▶ Materials provided
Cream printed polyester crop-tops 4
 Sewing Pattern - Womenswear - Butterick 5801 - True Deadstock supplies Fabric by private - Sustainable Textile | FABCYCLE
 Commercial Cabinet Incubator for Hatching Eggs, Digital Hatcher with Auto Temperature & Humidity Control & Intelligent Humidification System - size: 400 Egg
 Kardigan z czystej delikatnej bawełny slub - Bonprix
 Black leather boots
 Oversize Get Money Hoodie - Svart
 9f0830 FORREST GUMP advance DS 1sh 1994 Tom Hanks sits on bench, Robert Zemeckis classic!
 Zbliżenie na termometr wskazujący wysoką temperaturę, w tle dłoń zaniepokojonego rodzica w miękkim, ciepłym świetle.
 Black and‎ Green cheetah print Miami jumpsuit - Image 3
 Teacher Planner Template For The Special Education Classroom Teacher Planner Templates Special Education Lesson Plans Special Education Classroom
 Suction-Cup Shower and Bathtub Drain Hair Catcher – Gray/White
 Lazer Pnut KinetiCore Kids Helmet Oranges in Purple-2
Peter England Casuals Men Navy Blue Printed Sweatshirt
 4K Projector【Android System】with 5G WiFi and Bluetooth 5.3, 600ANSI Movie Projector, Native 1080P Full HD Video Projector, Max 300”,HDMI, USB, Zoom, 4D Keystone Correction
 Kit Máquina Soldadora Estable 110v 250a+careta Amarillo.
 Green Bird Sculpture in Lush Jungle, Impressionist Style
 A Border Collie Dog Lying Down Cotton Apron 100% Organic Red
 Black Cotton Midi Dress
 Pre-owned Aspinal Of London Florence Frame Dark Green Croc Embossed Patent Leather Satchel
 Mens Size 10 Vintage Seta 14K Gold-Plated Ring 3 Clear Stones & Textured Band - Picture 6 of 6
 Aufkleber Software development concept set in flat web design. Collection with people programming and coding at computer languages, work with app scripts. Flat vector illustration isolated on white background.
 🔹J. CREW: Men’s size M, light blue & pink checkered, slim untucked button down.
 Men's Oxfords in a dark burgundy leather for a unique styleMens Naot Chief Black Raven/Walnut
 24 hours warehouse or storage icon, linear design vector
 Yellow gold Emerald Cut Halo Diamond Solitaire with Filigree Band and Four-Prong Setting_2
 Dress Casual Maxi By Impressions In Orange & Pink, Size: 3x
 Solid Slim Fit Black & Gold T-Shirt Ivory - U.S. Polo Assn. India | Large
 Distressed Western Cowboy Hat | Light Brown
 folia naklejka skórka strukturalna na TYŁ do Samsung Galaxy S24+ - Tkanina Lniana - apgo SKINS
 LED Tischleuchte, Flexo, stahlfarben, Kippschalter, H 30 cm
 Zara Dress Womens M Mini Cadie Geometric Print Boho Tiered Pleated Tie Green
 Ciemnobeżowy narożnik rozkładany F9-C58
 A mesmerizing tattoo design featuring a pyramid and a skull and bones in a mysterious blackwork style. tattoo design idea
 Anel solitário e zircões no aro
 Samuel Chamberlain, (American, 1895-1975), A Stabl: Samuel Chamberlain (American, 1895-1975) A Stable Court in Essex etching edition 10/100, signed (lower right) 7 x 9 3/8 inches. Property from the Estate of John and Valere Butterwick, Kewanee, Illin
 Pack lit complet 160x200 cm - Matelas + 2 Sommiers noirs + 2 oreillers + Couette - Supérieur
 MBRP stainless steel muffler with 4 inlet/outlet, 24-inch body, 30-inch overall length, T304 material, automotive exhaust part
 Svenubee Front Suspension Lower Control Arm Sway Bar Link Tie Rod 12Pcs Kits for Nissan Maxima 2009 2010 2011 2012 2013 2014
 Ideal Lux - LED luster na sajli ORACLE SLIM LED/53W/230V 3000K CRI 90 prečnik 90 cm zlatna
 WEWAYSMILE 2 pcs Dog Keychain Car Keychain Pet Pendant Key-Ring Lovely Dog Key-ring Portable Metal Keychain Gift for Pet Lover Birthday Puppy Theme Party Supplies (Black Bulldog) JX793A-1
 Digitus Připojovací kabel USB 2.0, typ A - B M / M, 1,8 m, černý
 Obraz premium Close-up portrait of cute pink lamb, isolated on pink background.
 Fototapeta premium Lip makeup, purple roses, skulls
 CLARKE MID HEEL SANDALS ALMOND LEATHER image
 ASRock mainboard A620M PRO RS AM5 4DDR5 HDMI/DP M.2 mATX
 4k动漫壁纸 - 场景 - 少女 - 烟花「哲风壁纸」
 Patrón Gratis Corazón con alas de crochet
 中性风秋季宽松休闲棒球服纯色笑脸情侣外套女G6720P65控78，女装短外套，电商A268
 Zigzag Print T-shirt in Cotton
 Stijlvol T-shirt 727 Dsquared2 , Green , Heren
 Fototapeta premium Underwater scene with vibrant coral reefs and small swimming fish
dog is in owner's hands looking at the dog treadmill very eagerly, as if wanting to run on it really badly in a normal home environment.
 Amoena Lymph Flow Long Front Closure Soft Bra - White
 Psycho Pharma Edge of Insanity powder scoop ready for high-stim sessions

▶ What you are asked to do
Please copy, exactly and with nothing else, the lines above beginning at the line that has "Green Bird Sculpture" and ending with the line that has "Mens Size 10".

▶ Exercise output
 Green Bird Sculpture in Lush Jungle, Impressionist Style
 A Border Collie Dog Lying Down Cotton Apron 100% Organic Red
 Black Cotton Midi Dress
 Pre-owned Aspinal Of London Florence Frame Dark Green Croc Embossed Patent Leather Satchel
 Mens Size 10 Vintage Seta 14K Gold-Plated Ring 3 Clear Stones & Textured Band - Picture 6 of 6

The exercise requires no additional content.